Il punto centrale sul quale debbo però tornare, rischiando l’accusa di ripetermi, è l’assenza di informazioni da entrambi gli schieramenti circa i rispettivi progetti industriali, che dovranno da un lato seguire percorsi di ridimensionamento delle attuali pletoriche configurazioni, dall’altro rilanciare il cooperativismo bancario con innovazioni di sostanza nel rapporto con le economie del territorio.
Nulla si conosce invece di strategie di ampliamento dei servizi e di nuove modalità di produzione e distribuzione dei prodotti, come pure degli investimenti richiesti dai progetti di automazione, come essenziale fattore di integrazione.

La mancanza finora di un’anima industriale della riforma (e quindi di differenziazione nelle strategie progettuali) fa venire il dubbio che il fallimento della soluzione unitaria sia finora dovuto a un’insanabile idiosincrasia tra i vertici dei due schieramenti, con resistenze in entrambi ad assecondare un benefico avvicendamento. È quindi da leggere come segnale positivo l’accoglimento in questi giorni delle dimissioni dalla ultraventennale permanenza in carica del Presidente di Federcasse, soprattutto se il processo da’ avvio alla separazione tra la componente associativa e quella bancaria del movimento, esigenza posta come premessa dalla Banca Centrale Europea al termine della sua prima ispezione sulla banca guida del sistema cooperativo per una conduzione legata a criteri di maggiore efficienza.

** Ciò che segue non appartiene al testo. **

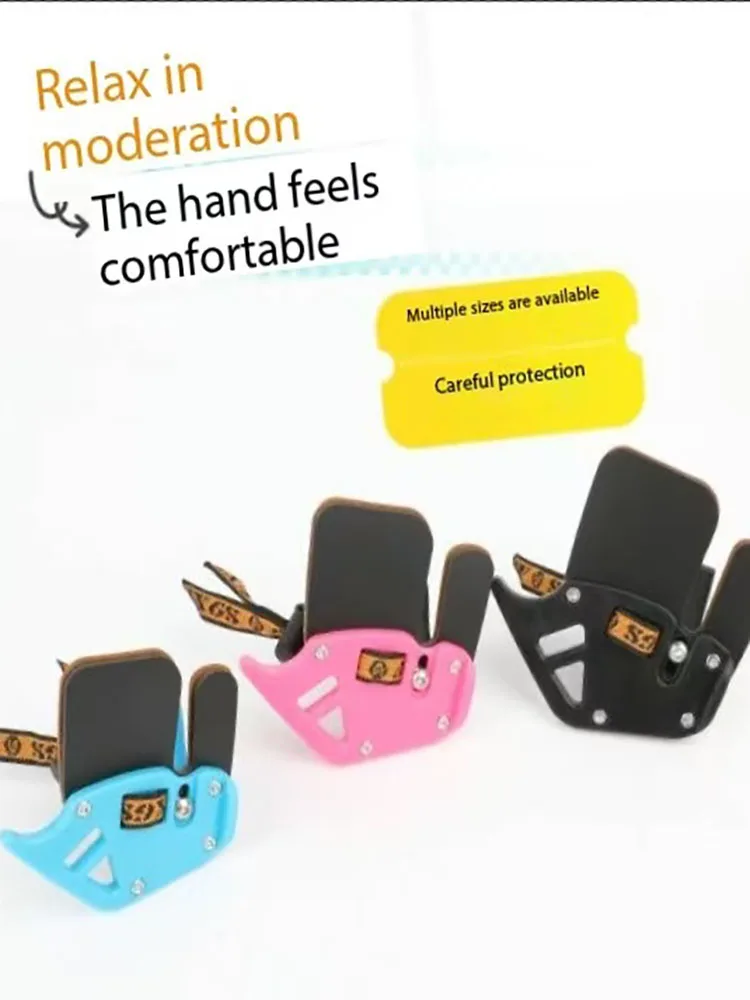 Cowhide cheek and finger guards, beautiful hunting, reverse bending, straight drawing, archery, cheek and finger guards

Siamo convinti che le strutture tecniche di entrambi i raggruppamenti – che sanno valutare bene gli effetti di una frammentazione come quella che si sta apparecchiando – comprendano, con preoccupazione, le opportunità alle quali si rinuncia, in nome di non dimostrati vantaggi scaturenti da una concorrenza interna, che non appartiene alla storia della cooperazione bancaria.

Non mi sembrerebbe quindi fuor di luogo un appello alla dirigenza del credito cooperativo e alle proprie conoscenze ed esperienze professionali, affinché prevalga una logica di competenza tecnica, dato che su questo terreno si giocherà la vera partita del rilancio delle Banche di Credito Cooperativo Italiane. Il lavoro da fare, che consisterà nel riscrivere gli algoritmi della governance e del business bancario cooperativo, sarà davvero rilevante e tanto più efficace quanto più ampia sarà la rete sulla quale si distribuiranno gli stimoli al rinnovamento.